▸ **Record set**
________

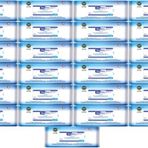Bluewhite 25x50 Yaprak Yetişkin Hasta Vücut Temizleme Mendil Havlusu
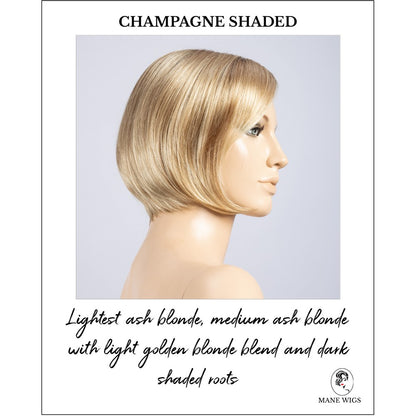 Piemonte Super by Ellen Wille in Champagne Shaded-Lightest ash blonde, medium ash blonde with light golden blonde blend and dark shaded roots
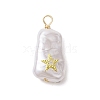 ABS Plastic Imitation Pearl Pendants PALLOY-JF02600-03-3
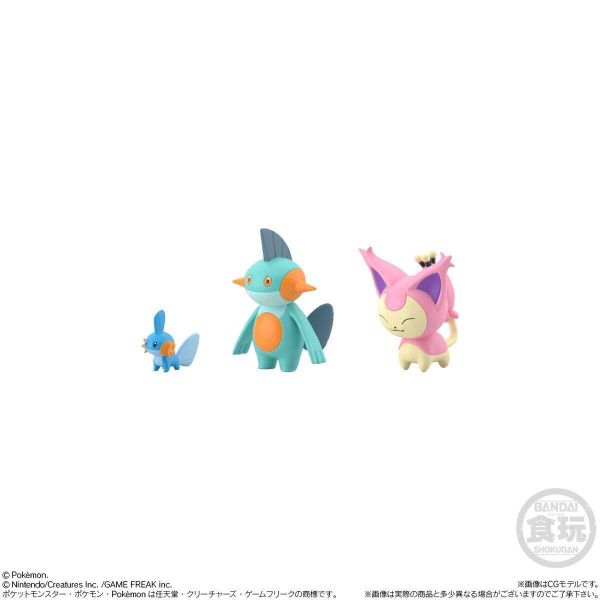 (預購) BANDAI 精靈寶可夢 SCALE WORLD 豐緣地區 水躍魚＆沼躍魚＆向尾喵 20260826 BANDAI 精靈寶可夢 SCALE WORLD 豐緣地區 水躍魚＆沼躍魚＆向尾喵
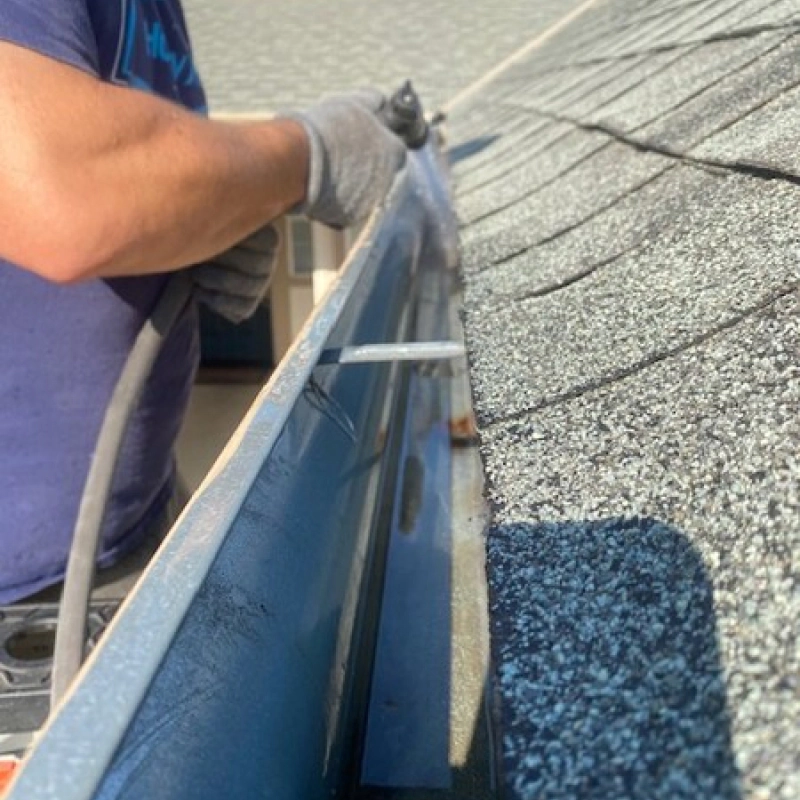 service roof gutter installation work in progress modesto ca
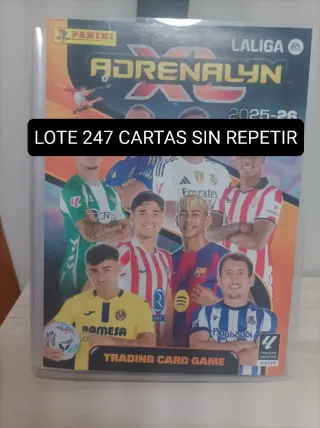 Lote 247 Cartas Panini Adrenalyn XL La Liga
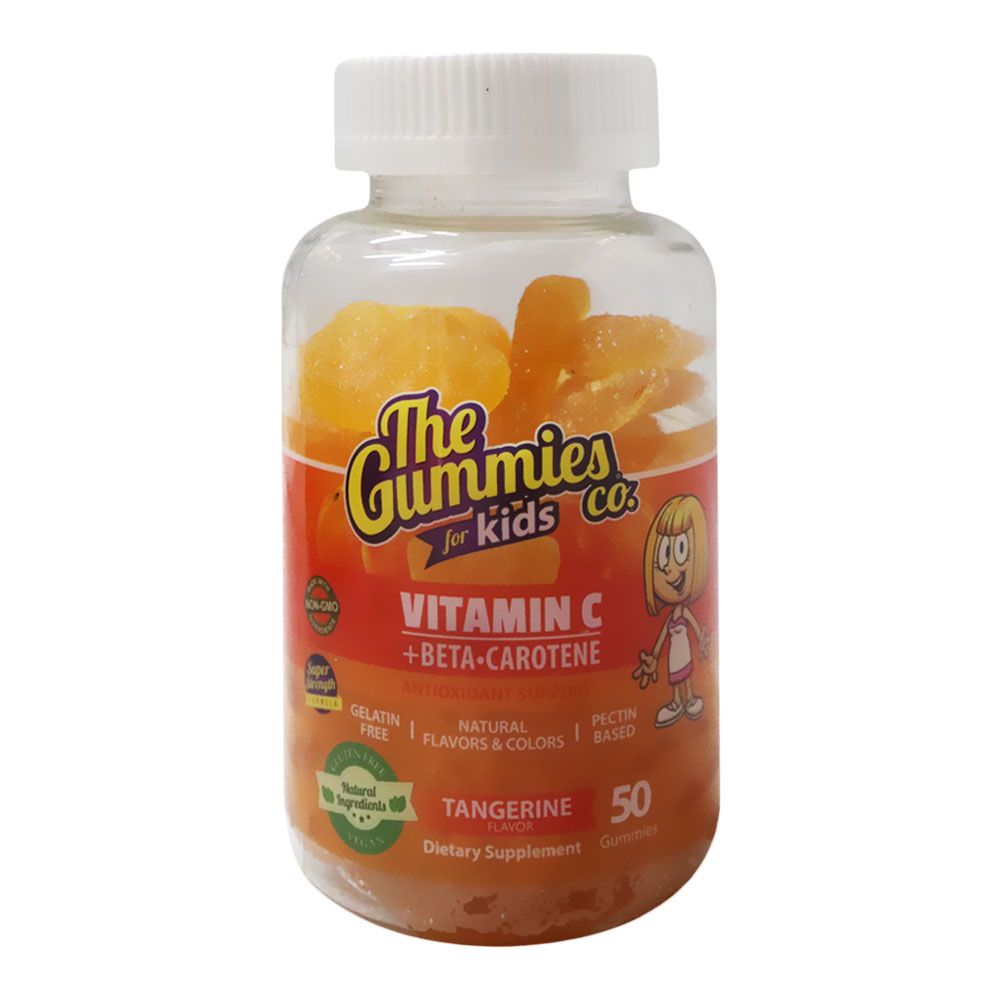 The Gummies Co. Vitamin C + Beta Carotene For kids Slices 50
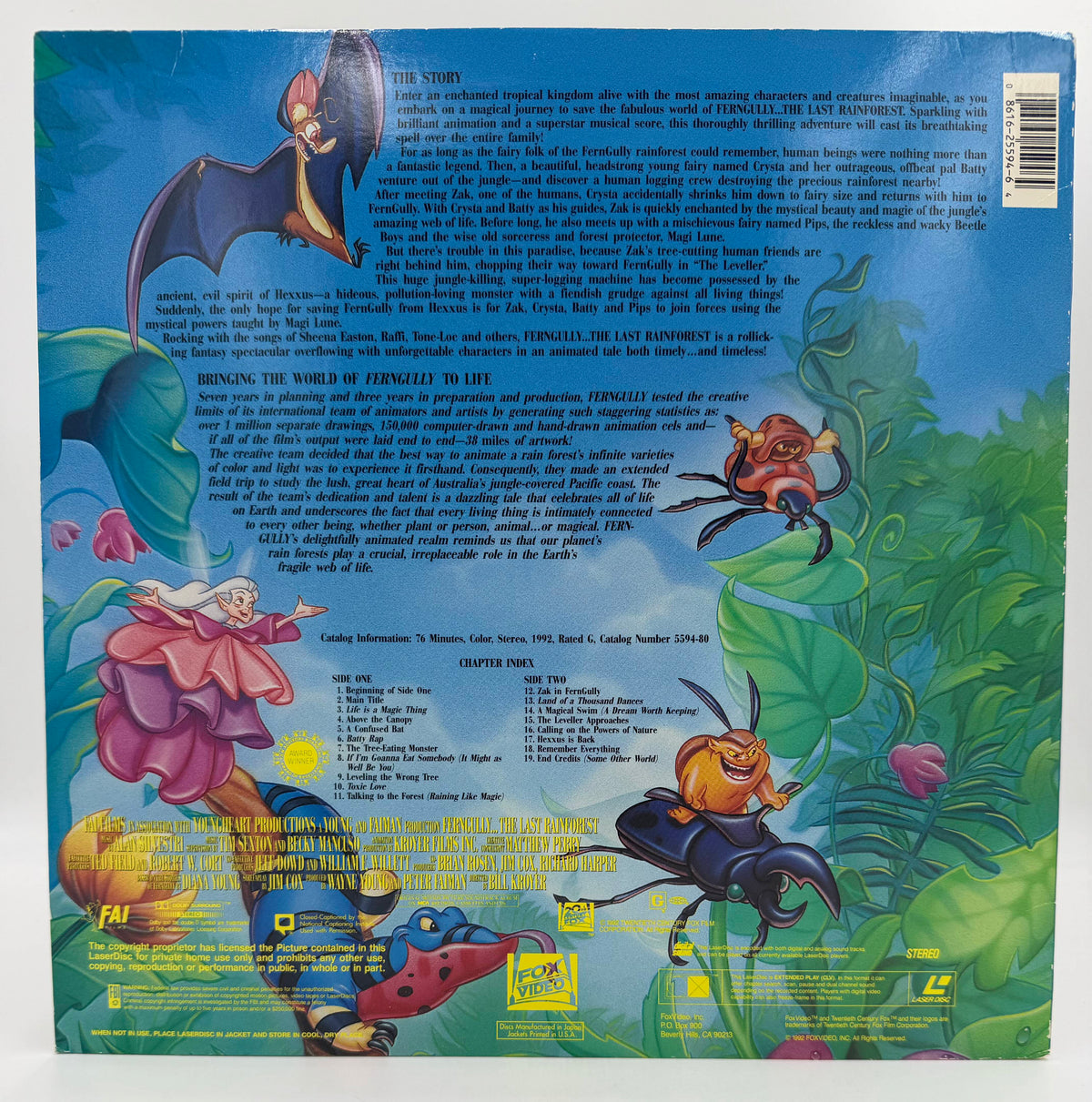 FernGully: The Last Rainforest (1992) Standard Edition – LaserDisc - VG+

________

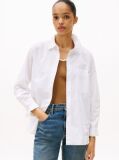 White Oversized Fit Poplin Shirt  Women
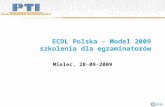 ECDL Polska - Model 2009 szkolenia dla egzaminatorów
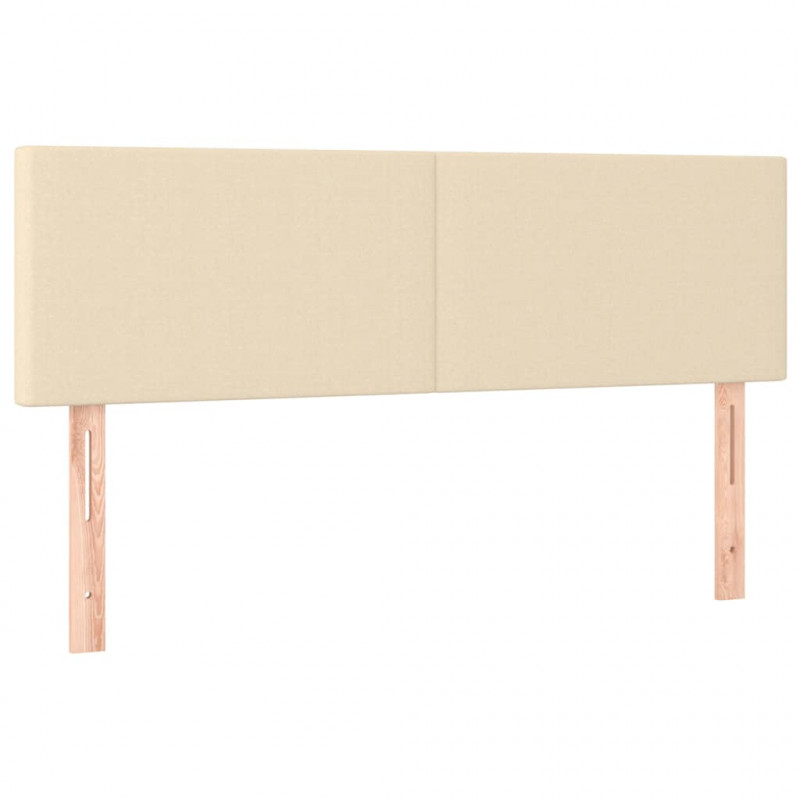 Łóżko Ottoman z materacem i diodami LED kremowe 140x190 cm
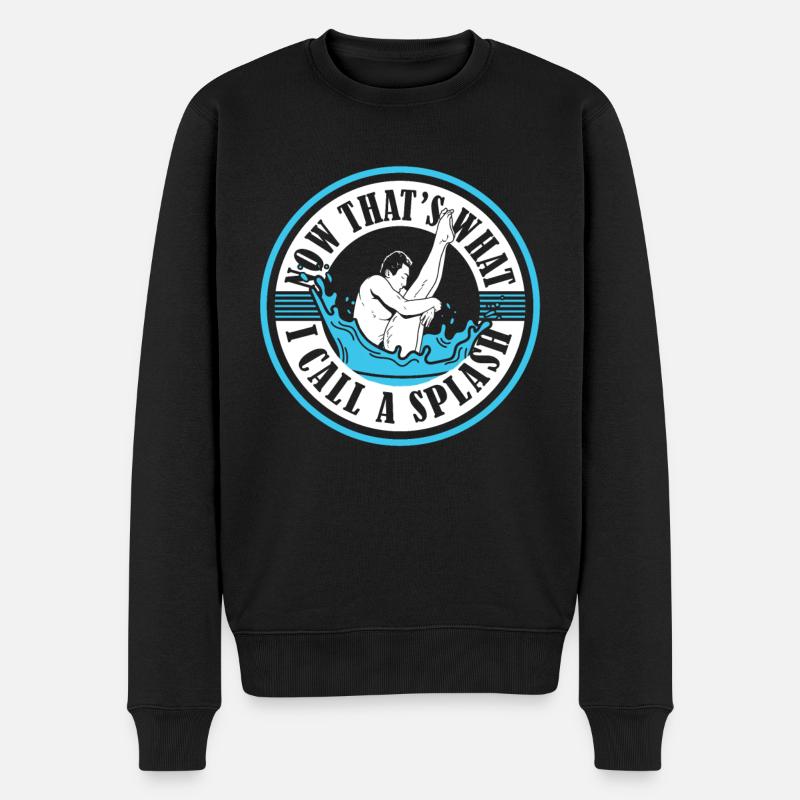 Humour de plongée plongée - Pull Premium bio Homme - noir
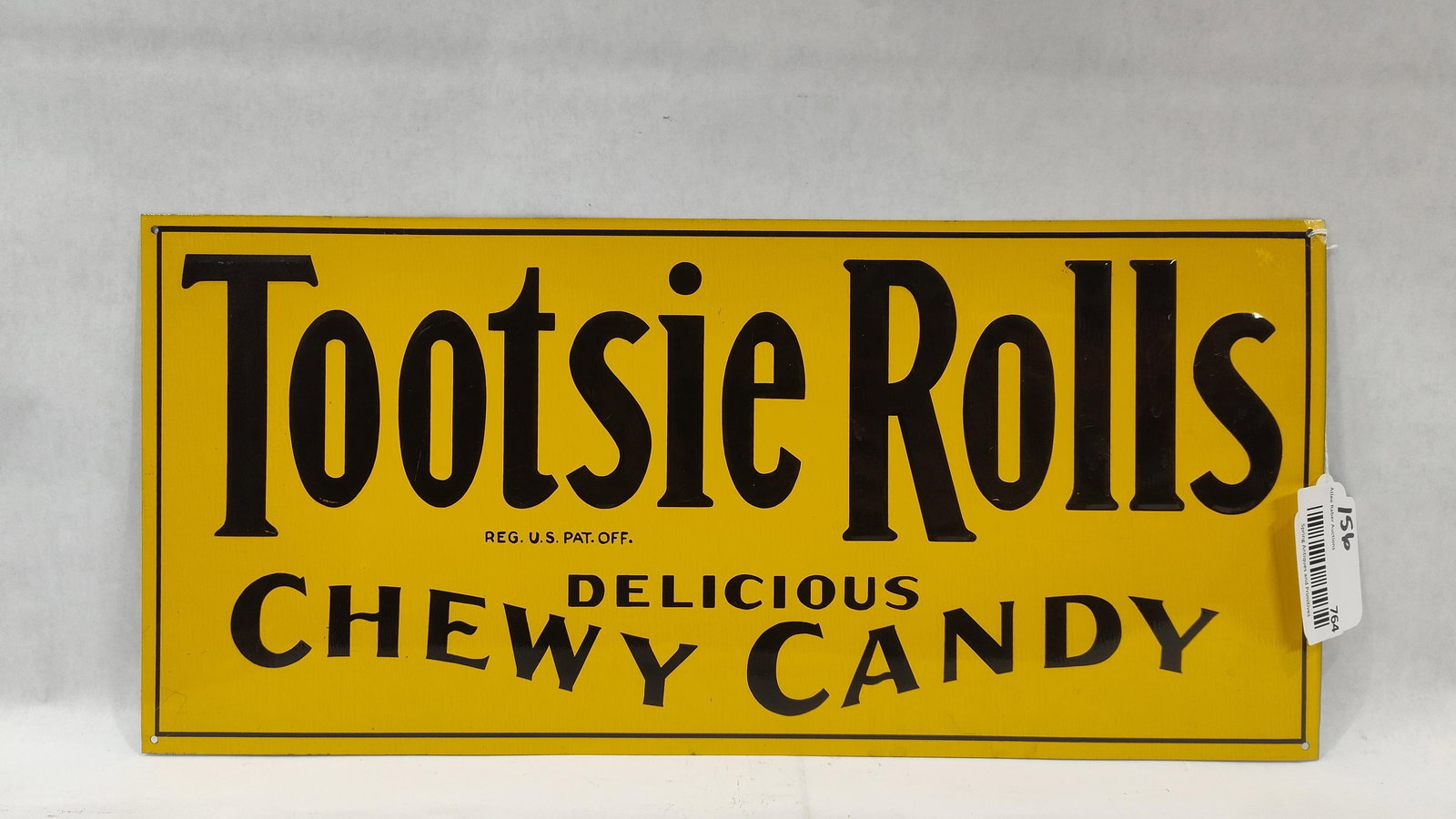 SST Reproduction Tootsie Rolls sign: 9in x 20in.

________

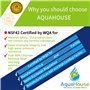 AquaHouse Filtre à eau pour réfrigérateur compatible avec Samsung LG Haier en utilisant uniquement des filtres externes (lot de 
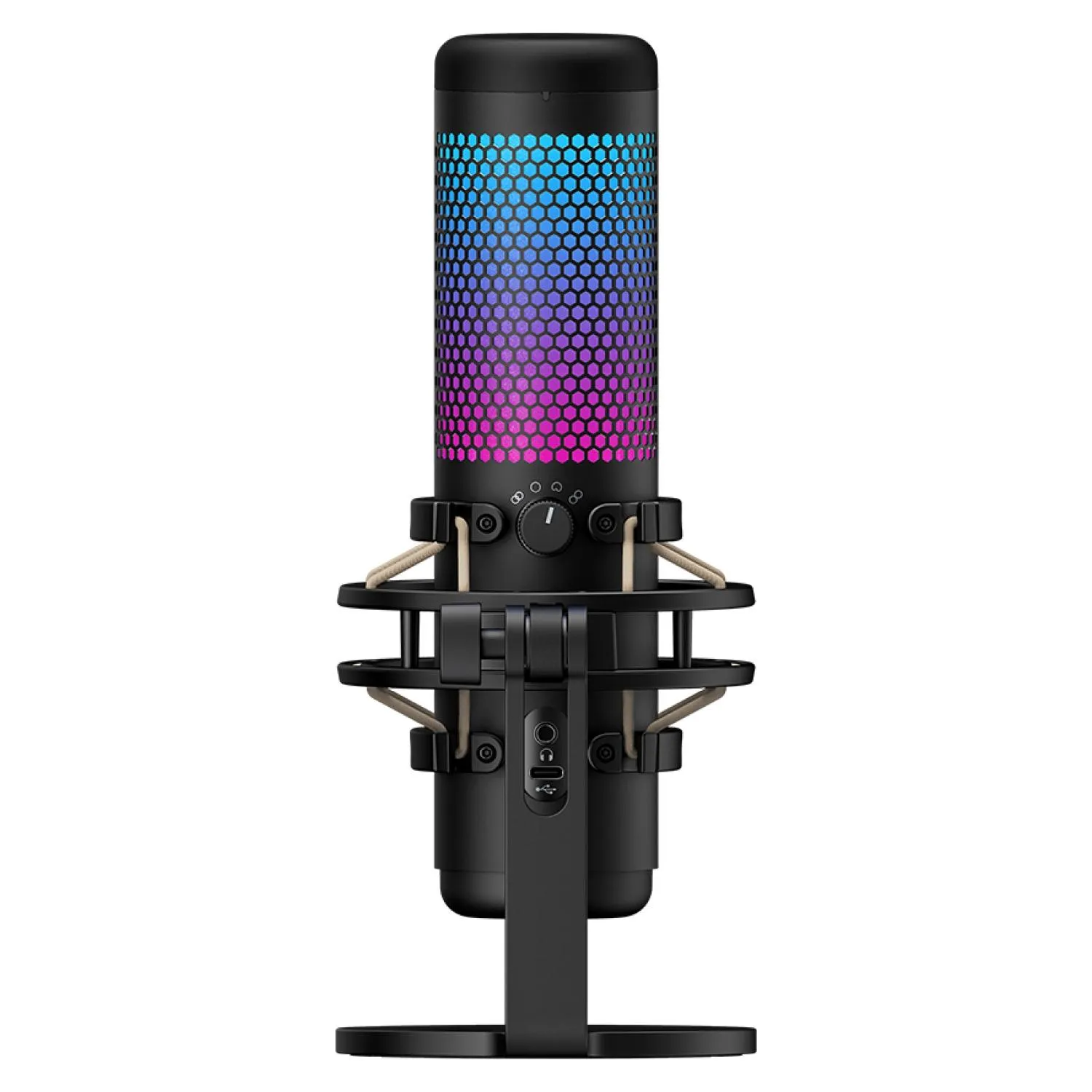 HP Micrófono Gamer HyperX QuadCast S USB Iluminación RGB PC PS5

________

▸ **Work item**
In the listing above, find the line with "Humour de plongée" and output it and every line after it up to and including the line with "SST Reproduction Tootsie", exactly, minus the pictures.

▸ **Your solution**
 Humour de plongée plongée - Pull Premium bio Homme - noir
 SST Reproduction Tootsie Rolls sign: 9in x 20in.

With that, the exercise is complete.